David Hockney is one of the most important painters of the 20th century. If you were to Google, famous British painters, there’s a good chance that Hockney’s name will appear. Born in Bradford in 1937, Hockney was one of the big artists involved in the pop art movement in the 1960s. Pop art was a style of art that was bright, full of colour. It was made by lots of young artists who felt that the art they saw in galleries was a little bit boring.
Born with synaesthesia, Hockney sees colours in response to musical stimuli. Although he has never translated this into his painting or photography, it is a common underlying principle in his designs for ballet and opera stage sets – where he bases background colours and lighting on the colours he sees while listening to each musical score.

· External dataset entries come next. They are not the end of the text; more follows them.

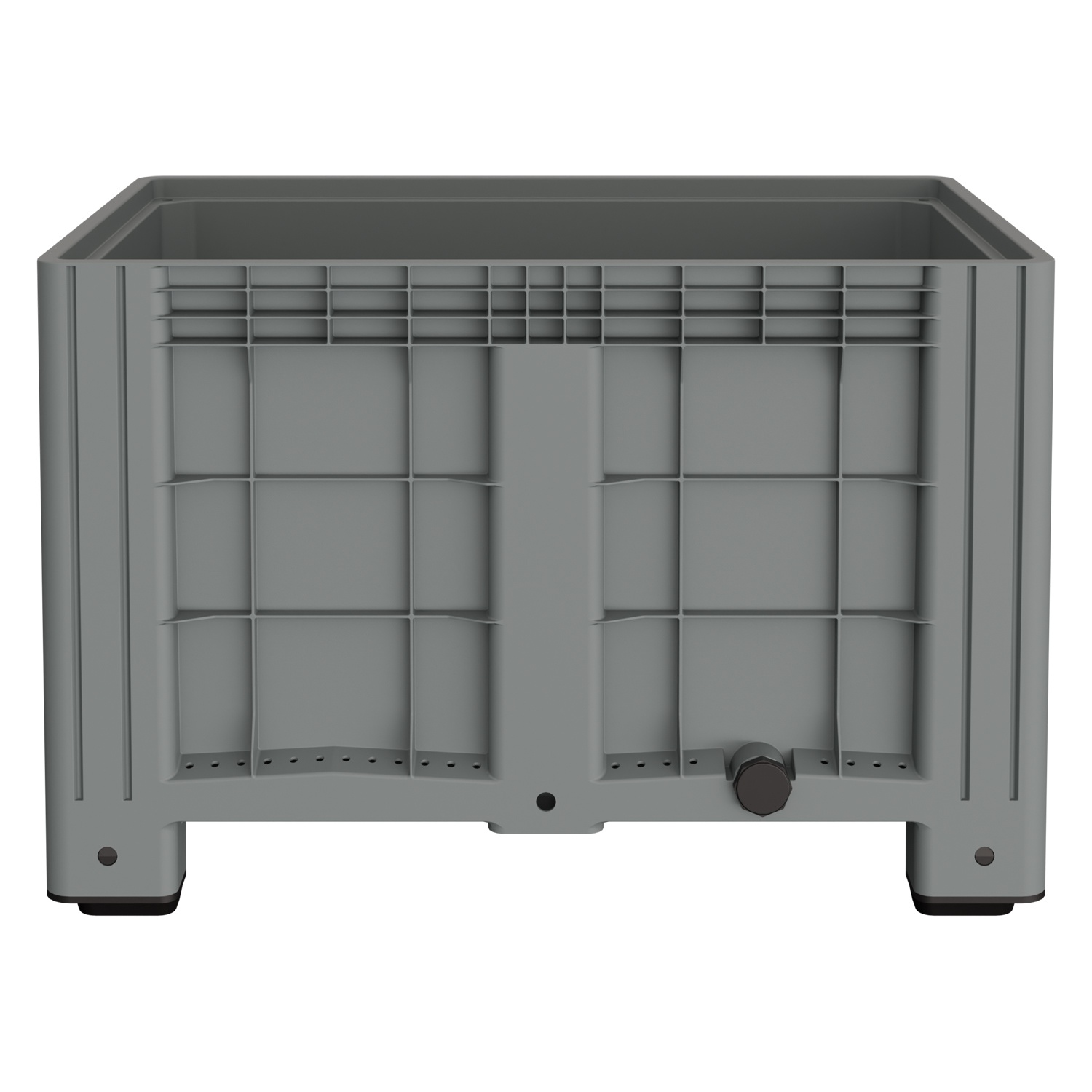Большой контейнер 1200х800х800 мм iPlast iBOX светло-серый со сплош. стенками и дном, на ножках с пробкой 2 дюйма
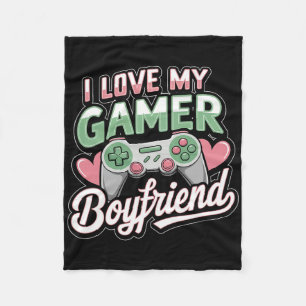 I Love My Gamer Boyfriend Valentine Heart Vintage Fleece Blanket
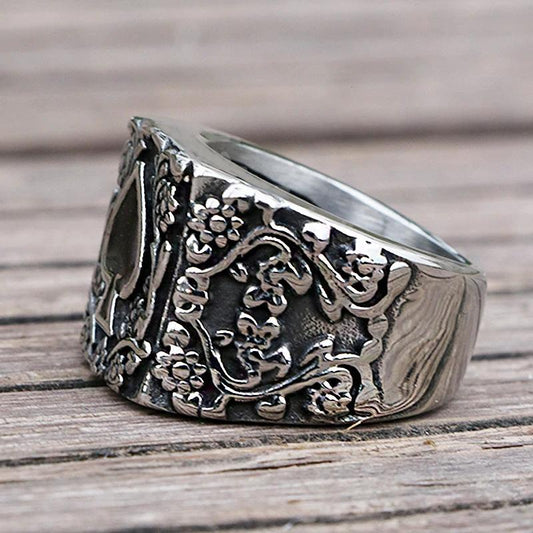 Titanium Steel Spades Epoxy Carved Men's Ring by GJG Denim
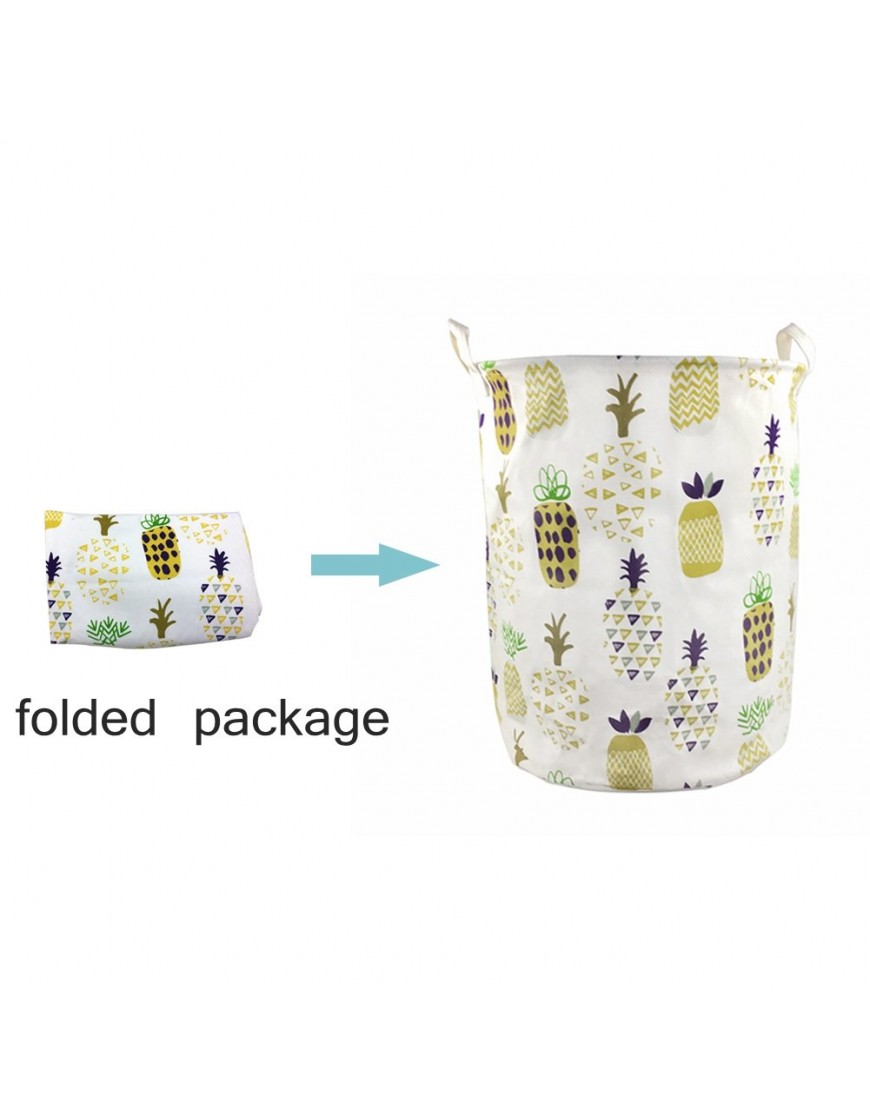 Orino 19 x 16.5 Inches Extra Large Canvas Fabric Folding Storage bin with Handle Waterproof Home Decor Laundry Hamper Organize Pineapple Storage Baskets for Dirty Clothes Toy Yellow - B8N2X3TB8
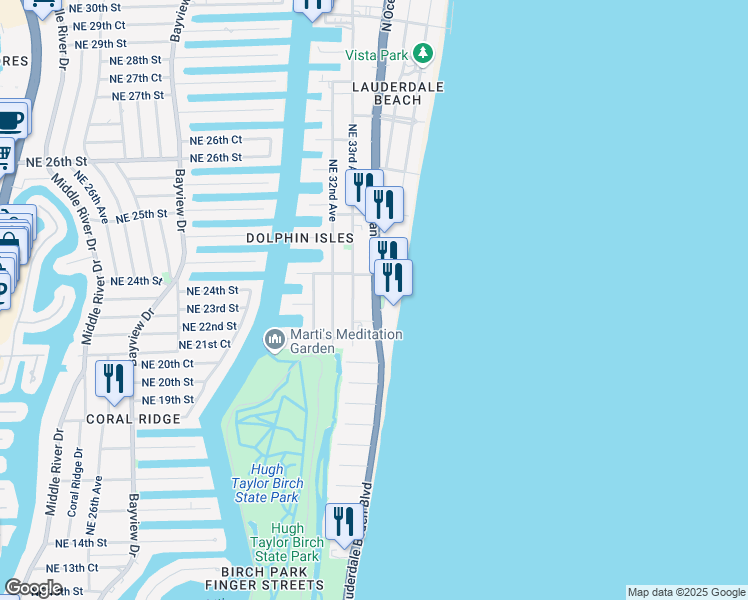map of restaurants, bars, coffee shops, grocery stores, and more near 2000 North Ocean Boulevard in Fort Lauderdale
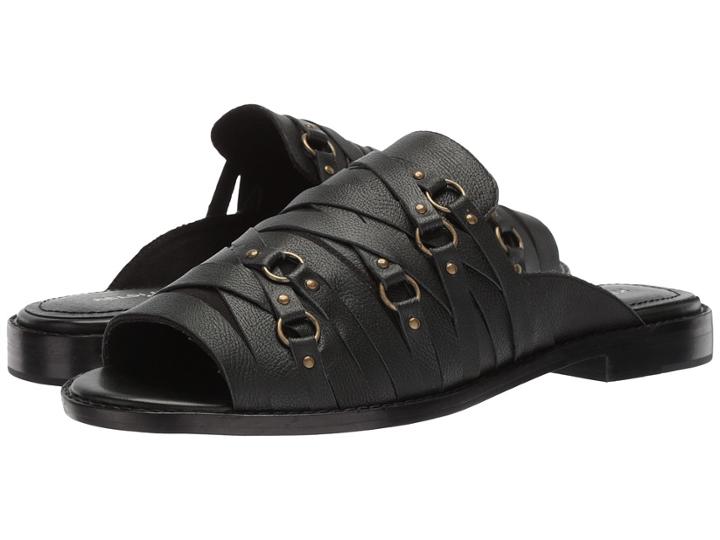 Kelsi Dagger Brooklyn Slope Flat Sandal (black Leather) Women's Shoes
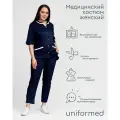 Медицинский костюм женский 408.4.4 Uniformed, сатори стрейч, рукав 3/4, на кнопках, темно-синий, 42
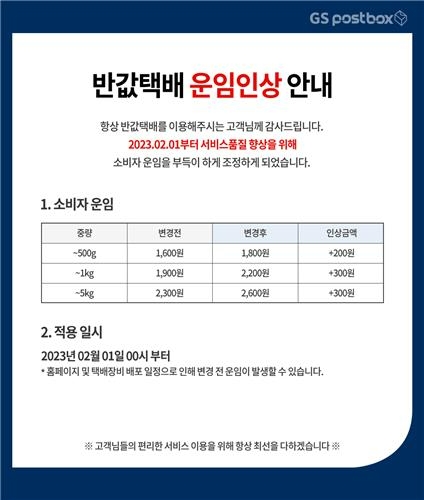 반값택배 운임인상 안내. 사진=연합뉴스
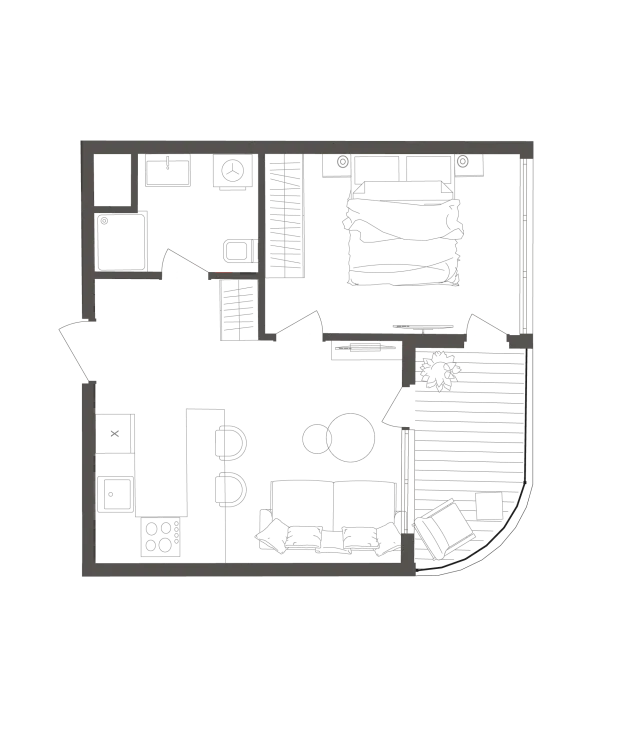 Планування юніта 1+1 bedroom (44 м²)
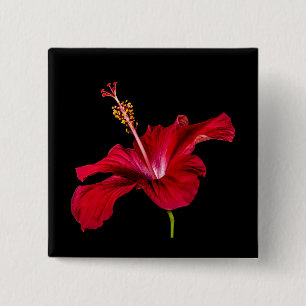 Badge Carré 5 Cm Vue latérale de l'Hibiscus rouge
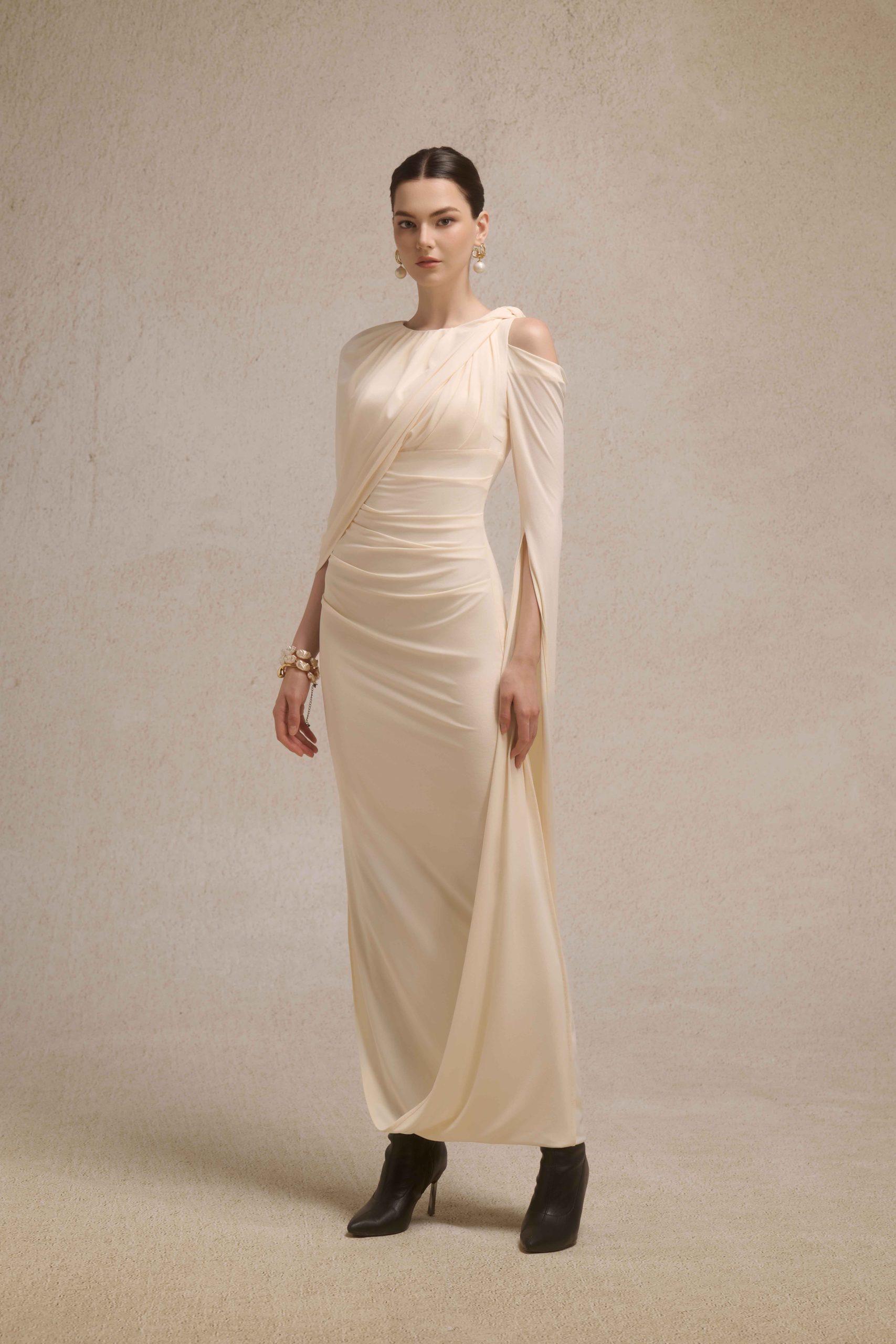 Orion Draped Shoulder Dress in Cream - Image 4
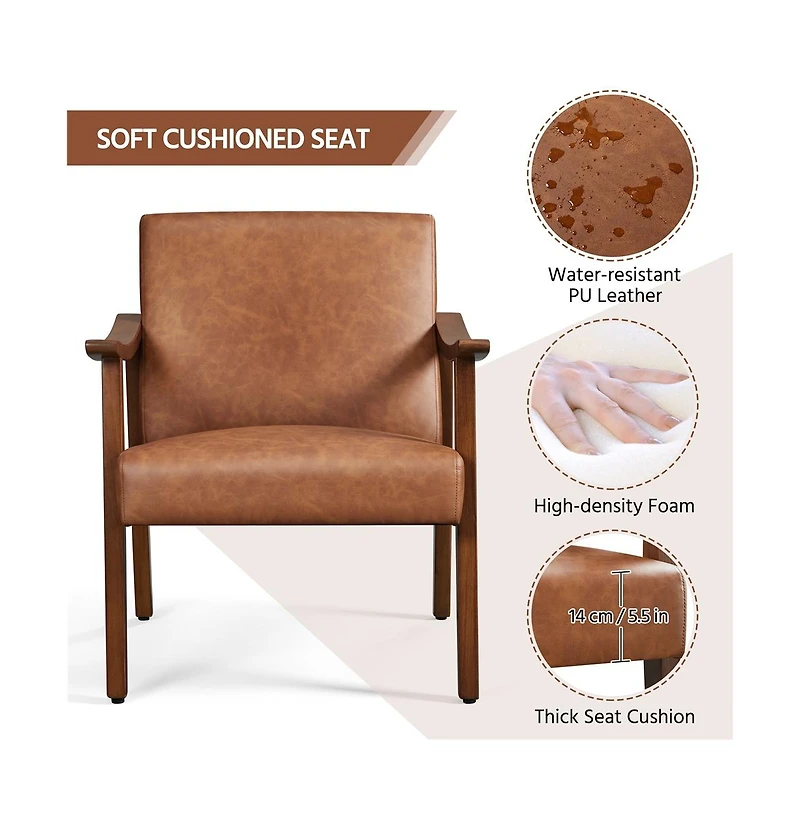 Yaheetech Modern Accent Chair Mid-Century Upholstered Armchair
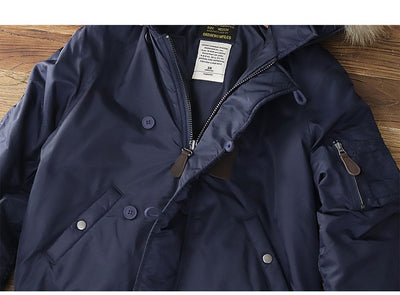 Chamarra Retro para Hombre con Cuello de Pelaje Grueso - Image 19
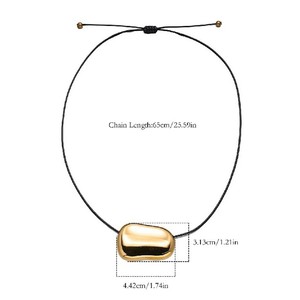 Collana con Ciondolo Geometrico Quadrato in Acciaio Inossidabile Placcato Oro 18K, Catena a Corda, per Donna, Uso Quotidiano - Product Image 4
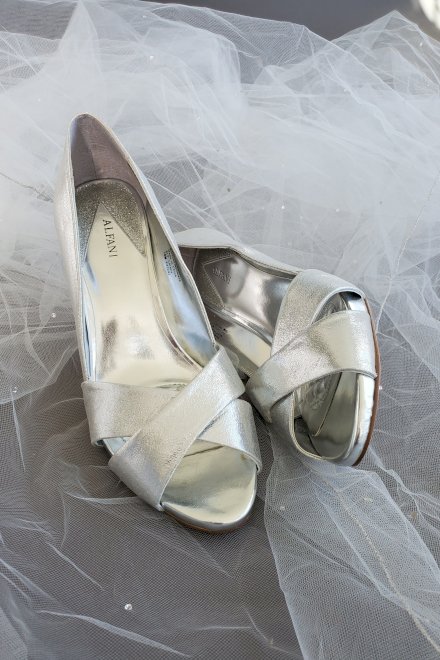 Women's Loralie Open Toe Platform Pumps 10M Silver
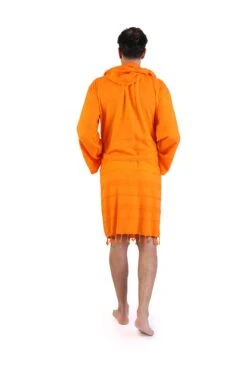 Orange Turkish Cotton Men Robe, Personalized Cotton Beach Robe, Dressing Gown, Groomsmen Gift, Bachelor Party Robes, Hooded Turkish Robe -Fashion Clothing Store il fullxfull.4012817334 3f4k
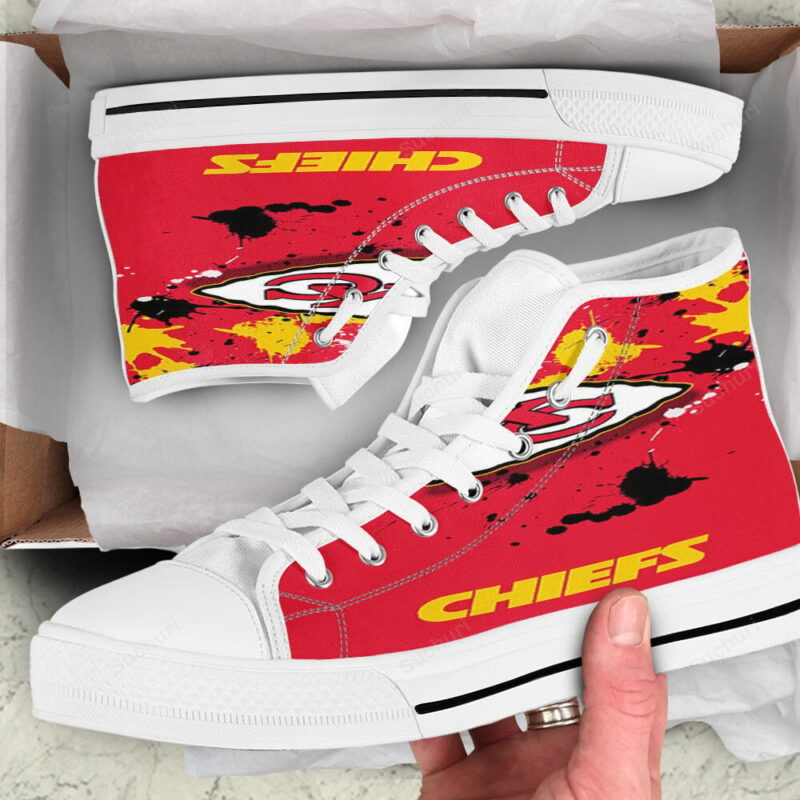 Kansas City Chiefs Emblem Brush High Top Shoes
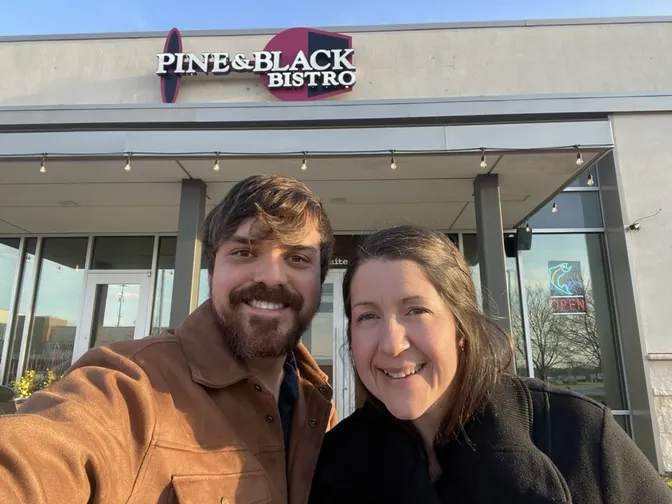 A selfie outside Pine & Black Bistro in Papillion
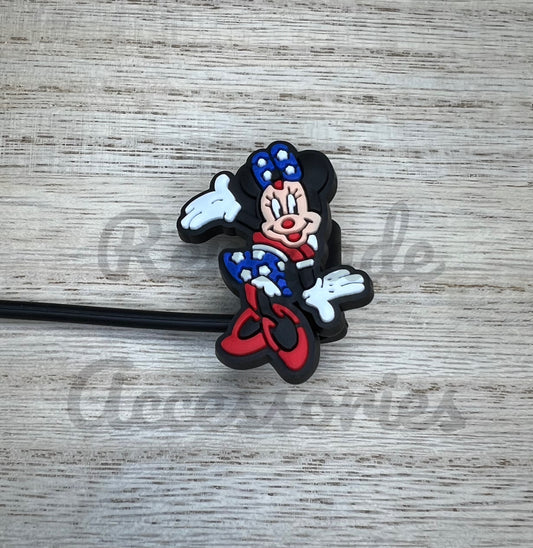 Straw Topper - Mouse Ears Girl Patriotic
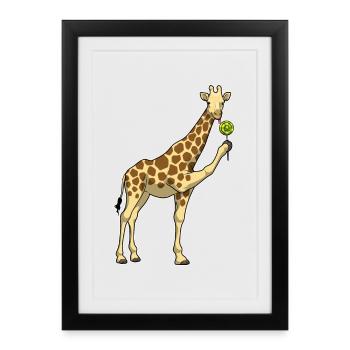 Giraffe Lollipop - Framed poster (27 × 37 cm) - black - Front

A visit to California – where he was to live for many years – inspired Hockney to make his iconic series of paintings of swimming pools in the comparatively new medium of acryclic. “I always loved swimming pools, all the wiggly lines they make,” the artist told CNN in 2017. “If you photograph them, it freezes them whereas if you use paint, you can have wiggly lines that wiggle.”
Taking numerous Polaroid or 35mm photographs of a scene from a variety of perspectives, Hockney would then arrange the collection of images into a cohesive body, creating an almost Cubist rendering of visual reality. He called these collages and photo montages joiners.